Available data Start Marker
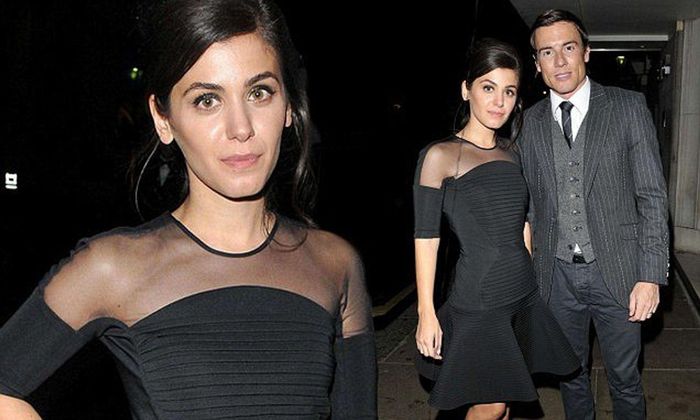 Katie Melua hạnh phúc bên cạnh bạn đời.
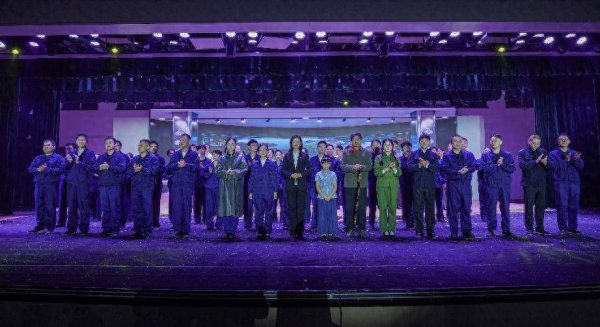 天成创亿 南昌分校举办《柘电之光》情景党课：重现柘电岁月 传承红色精神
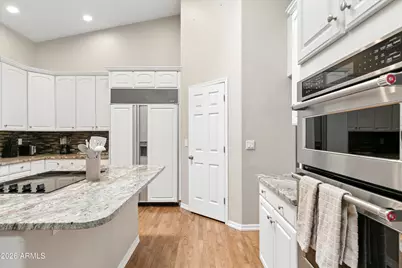 8611 W Foothill Drive, Peoria, AZ 85383 - Photo 21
Available data End Marker
**To do**.
What is needed is the whole listing again, exactly as written, with the images left out.

**Problem solution**.
 Katie Melua hạnh phúc bên cạnh bạn đời.
 天成创亿 南昌分校举办《柘电之光》情景党课：重现柘电岁月 传承红色精神
 8611 W Foothill Drive, Peoria, AZ 85383 - Photo 21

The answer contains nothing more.